Would you set down the data that follows, word for word, without any pictures?

ENTRIES SUPPLIED Start Marker

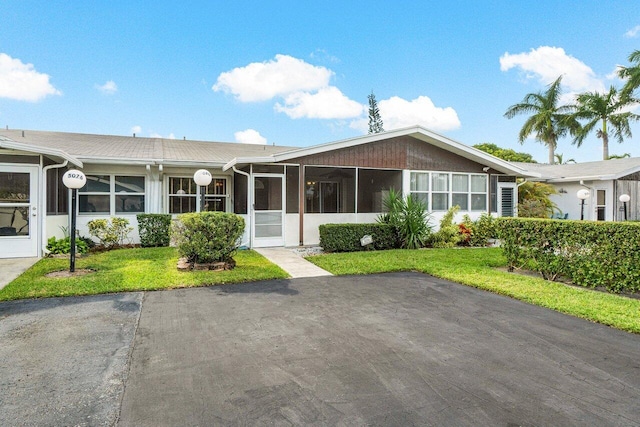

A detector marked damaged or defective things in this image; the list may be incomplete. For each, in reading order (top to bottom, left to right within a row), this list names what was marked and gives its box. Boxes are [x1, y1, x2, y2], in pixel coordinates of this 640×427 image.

cracked asphalt [1, 272, 640, 426]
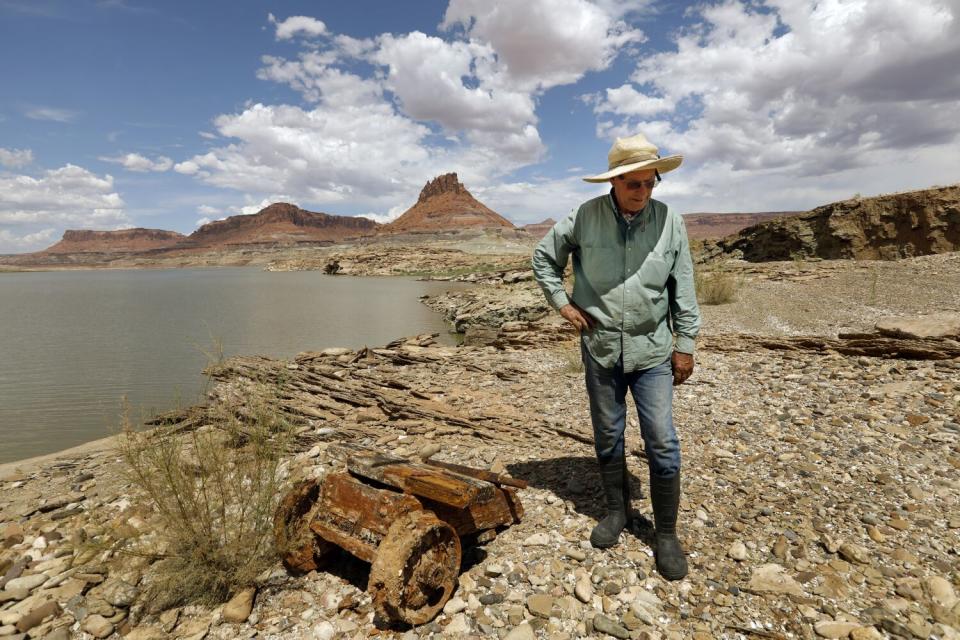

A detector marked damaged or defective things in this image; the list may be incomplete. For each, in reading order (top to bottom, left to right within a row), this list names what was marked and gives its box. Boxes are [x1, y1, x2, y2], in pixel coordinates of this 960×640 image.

rusty metal wheel [274, 478, 334, 572]
rusted metal machinery [274, 442, 520, 624]
rusty metal wheel [368, 510, 462, 624]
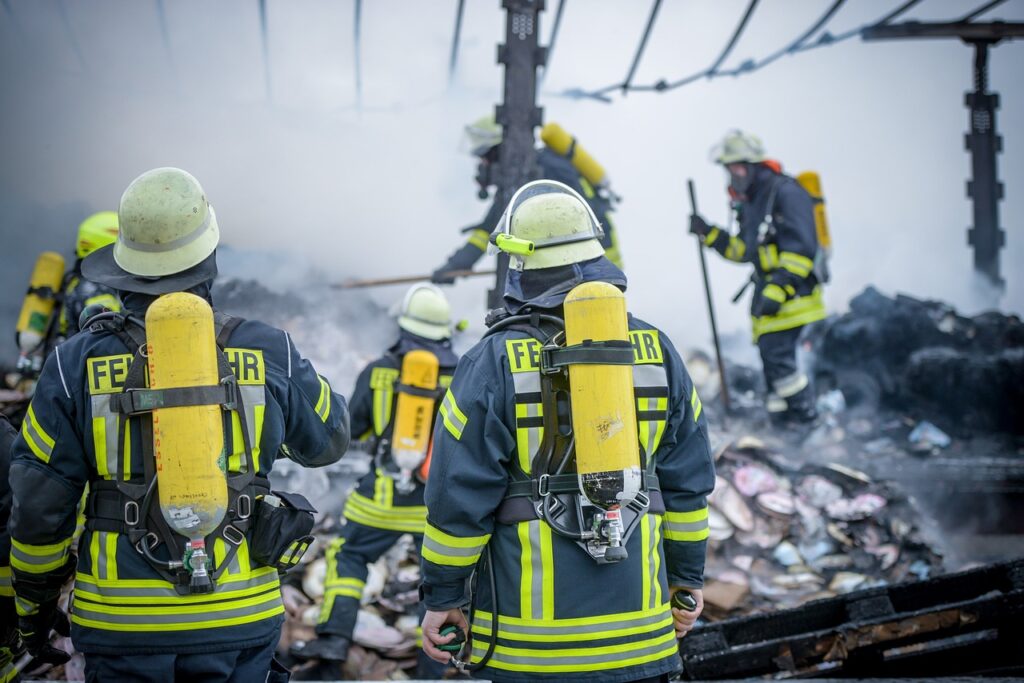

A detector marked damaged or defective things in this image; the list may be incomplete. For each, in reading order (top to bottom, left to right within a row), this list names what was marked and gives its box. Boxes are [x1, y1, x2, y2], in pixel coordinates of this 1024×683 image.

burned material [680, 560, 1024, 680]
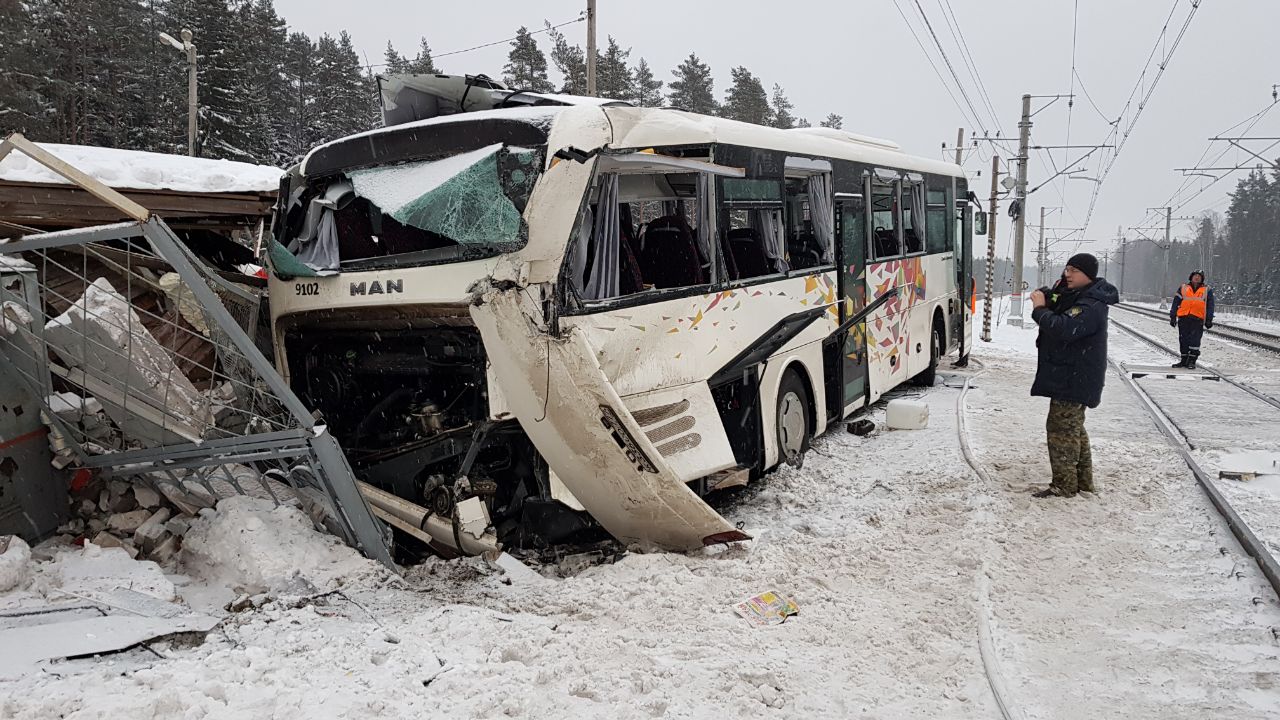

ENTRIES SUPPLIED End Marker

EXERCISE OUTPUT:
A detector marked damaged or defective things in this image; the list may be incomplete. For each, in reading order (top to bottom, left to right within a row), this list names what was marked and gives its box. Boxes are [x1, y1, x2, y2], in pixel coordinates of this 640×427 image.

cracked asphalt [1, 272, 640, 426]

A detector marked damaged or defective things in this image; the list may be incomplete. For each, in reading order (top to bottom, left to right within a row), this list names what was marked and gives its box. Boxes are [x1, y1, x2, y2], in pixel coordinates of this 960×640 image.

rusty metal wheel [274, 478, 334, 572]
rusted metal machinery [274, 442, 520, 624]
rusty metal wheel [368, 510, 462, 624]

A detector marked damaged or defective things in this image; the list may be incomplete. For each, in reading order (top to bottom, left to right within a row), this list names what was marked and gives its box. Boxes are [x1, y1, x2, y2], in pixel coordinates of this 1024×683 image.

burned material [680, 560, 1024, 680]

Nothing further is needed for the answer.